Exercise: Quote word for word the lines below, beginning with the first and ending with the one that has "Usado Mazda CX-3". Drop the pictures.

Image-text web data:

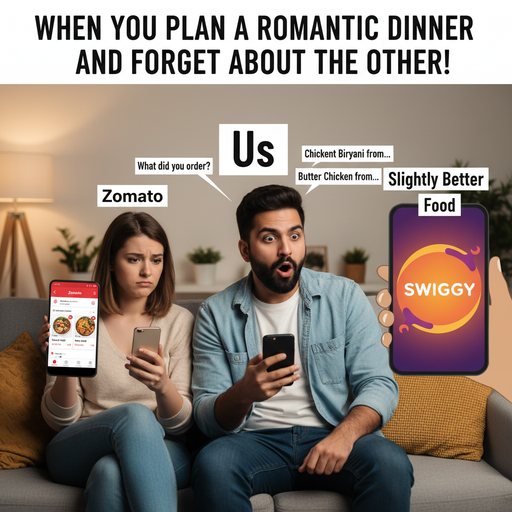 When Zomato becomes a love story gone wrong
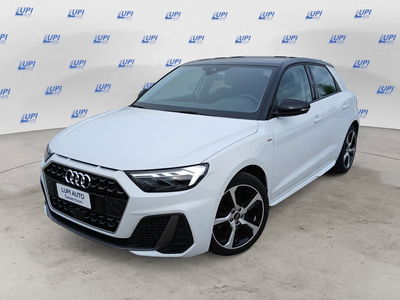 Audi A1 Sportback 30 1.0 tfsi S Line Edition 116cv del 2025 usata a Prato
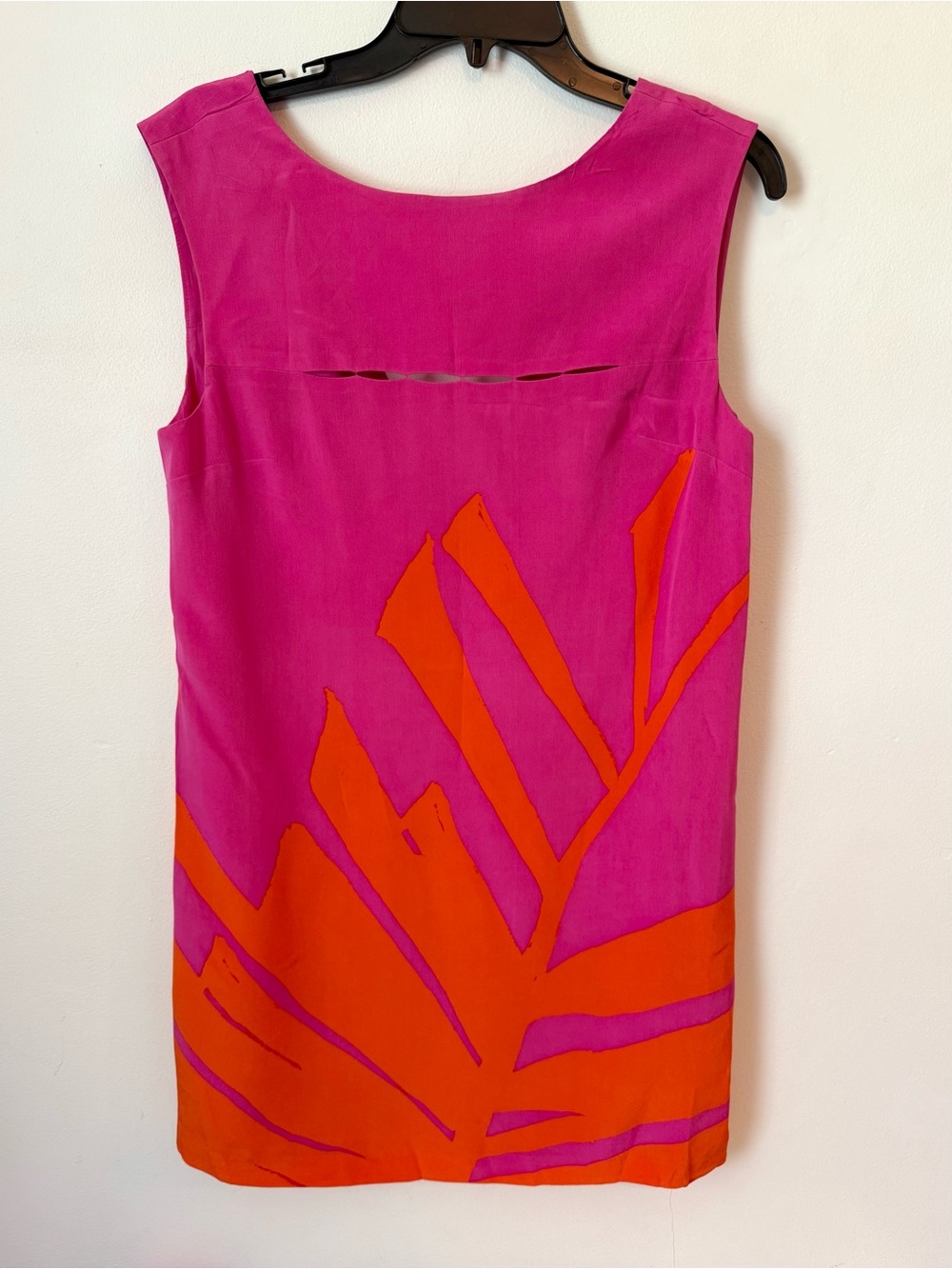 Tibi Silk Shift Dress
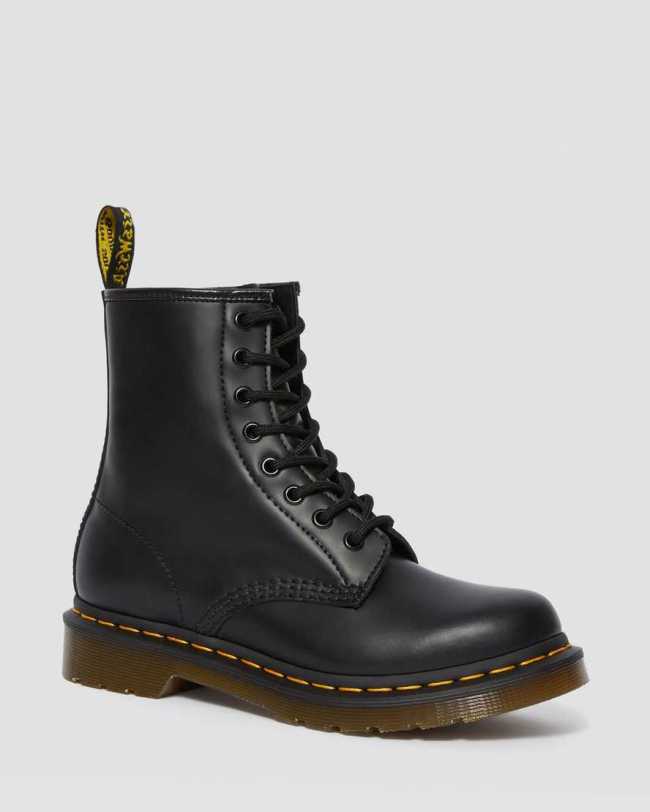 Dr. Marten's 1460 Women's Smooth Leather Lace Up Up Boots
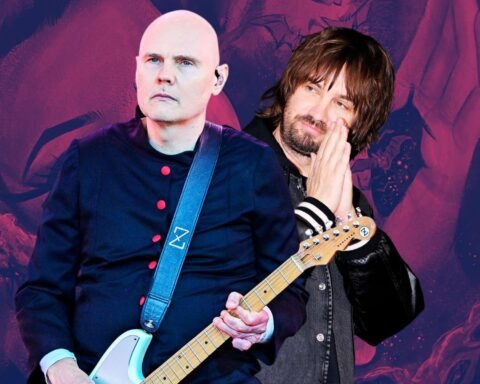 Billy Corgan y Kevin Parker de Tame Impala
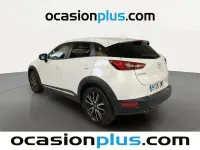 Usado Mazda CX-3 Luxury 120 CV (88 kW) 2017 Blanco SUV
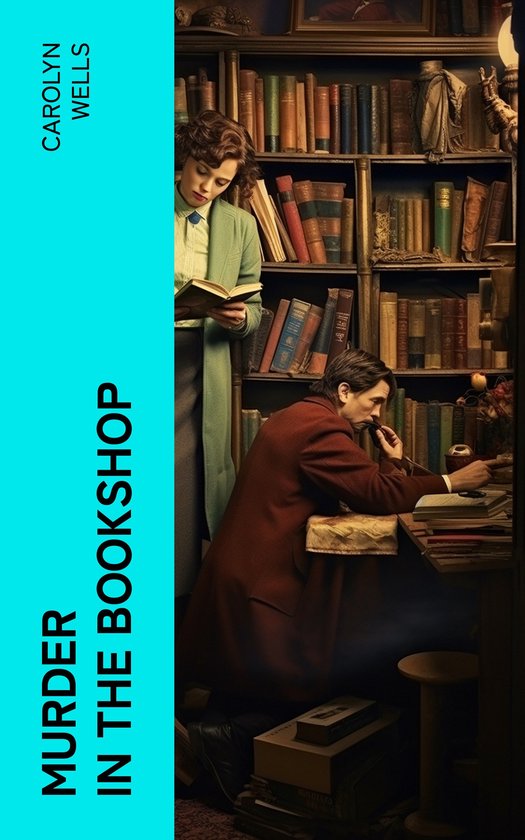Murder in the Bookshop - cover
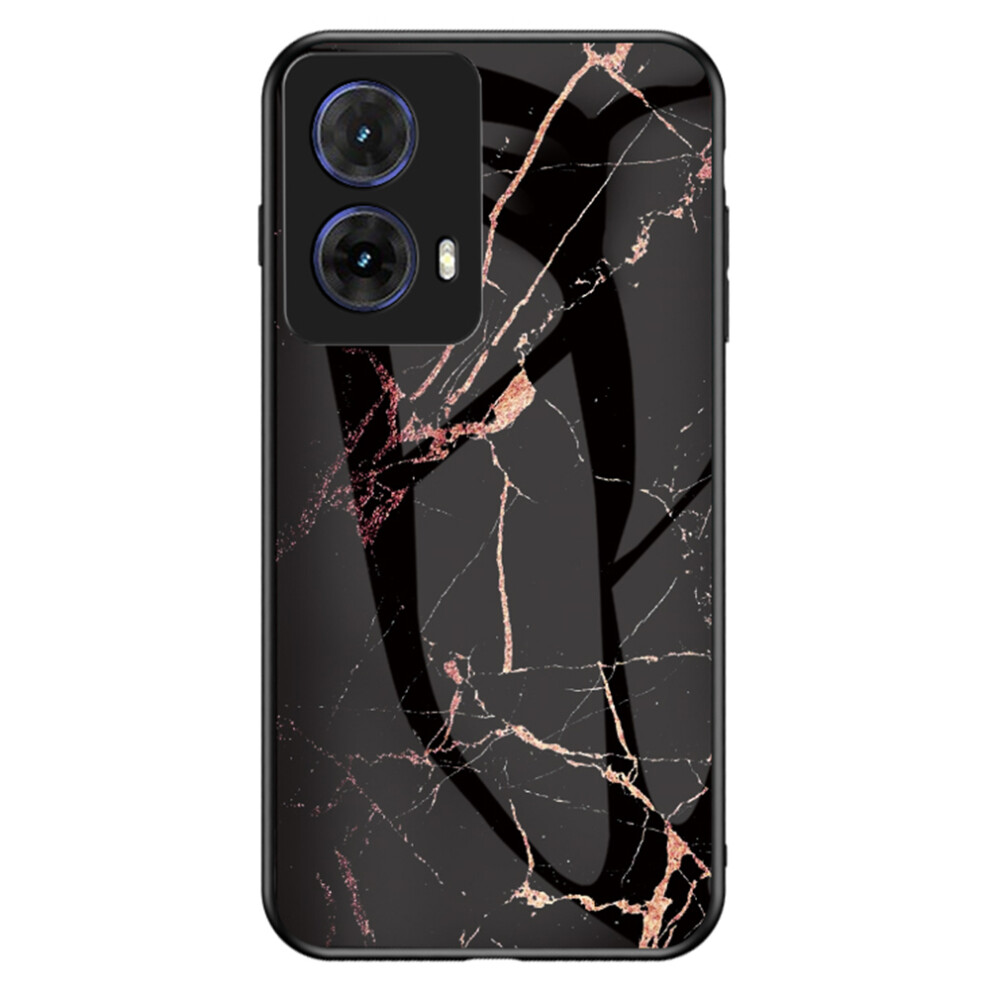 (Gold Black Marble) For Motorola Moto G85 5G Cases Black,Gold 6914286323613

Response for this exercise:
 When Zomato becomes a love story gone wrong
 Audi A1 Sportback 30 1.0 tfsi S Line Edition 116cv del 2025 usata a Prato
 Tibi Silk Shift Dress
 Dr. Marten's 1460 Women's Smooth Leather Lace Up Up Boots
 Billy Corgan y Kevin Parker de Tame Impala
 Usado Mazda CX-3 Luxury 120 CV (88 kW) 2017 Blanco SUV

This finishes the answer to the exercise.